Several IPR questions remained outstanding in the minds of many scientists and policymakers. These issues included:
• If the government supports the research, why do we need to protect IP?
• If we patent a technology, can we still give it away without charging a fee?
• Will the agricultural company (e.g. Monsanto) have a multinational monopoly?
• Will farmers be able to store and reuse seeds or planting material?
• Will foreign (or domestic) corporations or organizations be able to patent indigenous knowledge?
• Will foreign (or domestic) corporations or organizations be able to patent traditional germplasm?
The result was a reticence on the part of both scientists and officials to engage in the complex debates required to create the legal infrastructure; everyone felt that there were more urgent needs.
This attitude rapidly changed in 1995 when the MSU-AGERI research team announced that they were ready to field-test their GM potato in Egypt. The priority for Egyptian potatoes suddenly shifted from technology development to technology transfer. In a matter of just a few years, AGERI was able to draft and approve national biosafety guidelines for safe handling and management of biotechnology products.
Approval came in time for the 1997 season, and Egyptian field trials on the US variety also started. While waiting for AID and Egyptian approval to conduct field trials in Egypt, the MSU-AGERI research team had turned their attention towards inducing PTM resistance in a Spunta potato variety (a Dutch variety currently in public domain). This activity was sufficiently developed and tested so that in 1998 two GM varieties - Spunta G2 and Spunta G3 - were under field testing in Egypt at two locations.

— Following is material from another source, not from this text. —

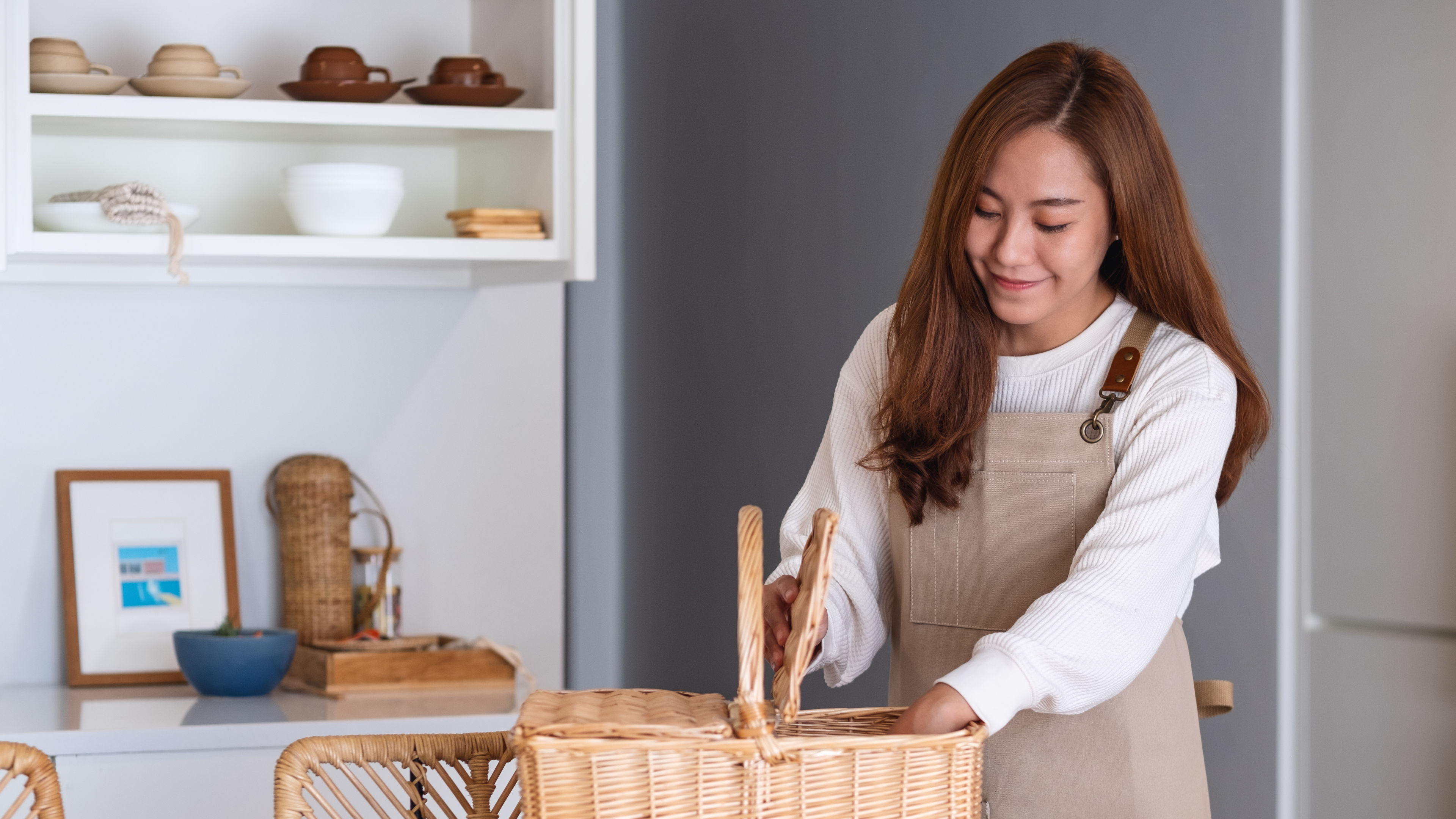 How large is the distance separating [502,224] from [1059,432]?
1187mm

By 2000, the MSU-AGERI team had 4 years of data on PTM resistance and 2 years of data on Spunta PTM resistance. The results were conclusive: introduction of the Bt gene into the varieties reduced storage losses by 99-100% over a period of 2-3 months for nawalla storage, and there was virtually no storage loss over a 12-month period for cold storage technology.
The MSU-AGERI research team concluded that they had met their objective of developing a PTM-resistant potato and recommended commercialization of the product. The researchers turned their attention to imparting other types of resistance to the potato. ABSP trumpeted their success in developing a GM crop that was useful to poor farmers in developing countries and announced that the PTM-resistant potato was 'at the threshold of commercialization' (ABSPa, p. 9).